> Work instructions: Leave the pictures aside and copy all the data exactly.

(Data extract)

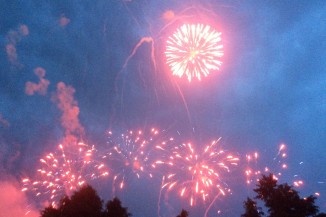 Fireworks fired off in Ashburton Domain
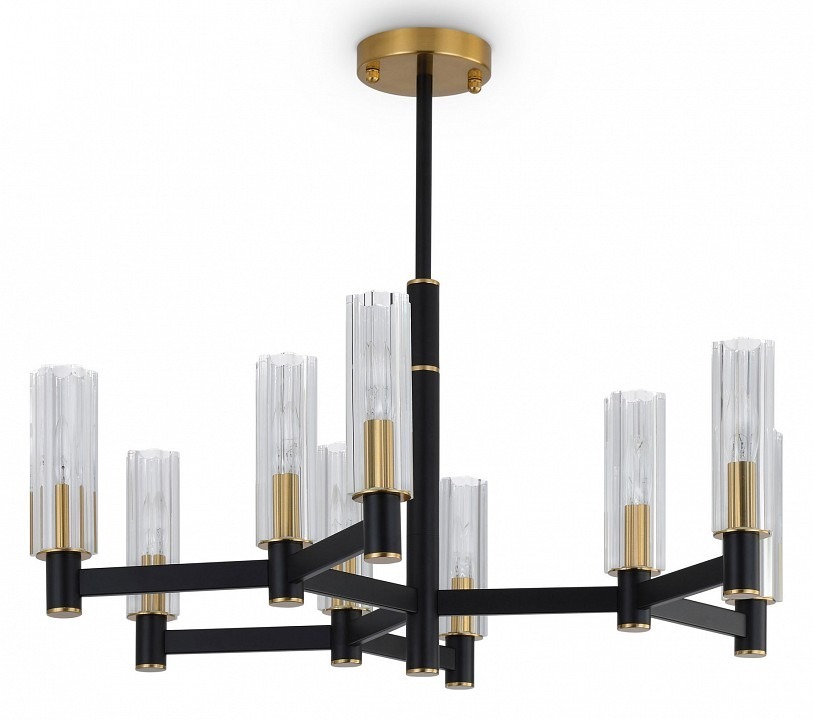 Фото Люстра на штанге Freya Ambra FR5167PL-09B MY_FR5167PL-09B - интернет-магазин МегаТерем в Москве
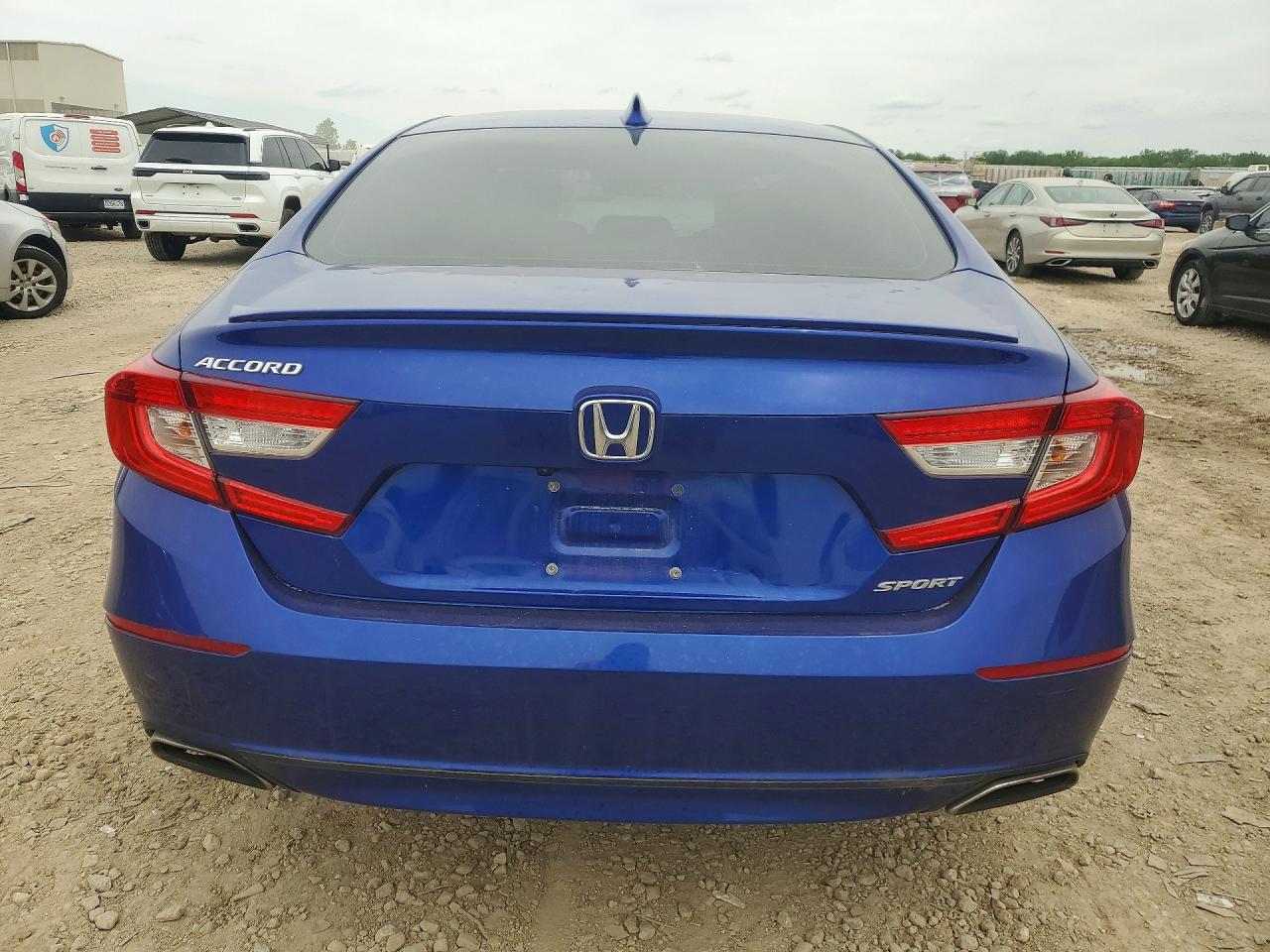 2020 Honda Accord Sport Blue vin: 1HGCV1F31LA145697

(End Data extract)

> Solution for this problem:
 Fireworks fired off in Ashburton Domain
 Фото Люстра на штанге Freya Ambra FR5167PL-09B MY_FR5167PL-09B - интернет-магазин МегаТерем в Москве
 2020 Honda Accord Sport Blue vin: 1HGCV1F31LA145697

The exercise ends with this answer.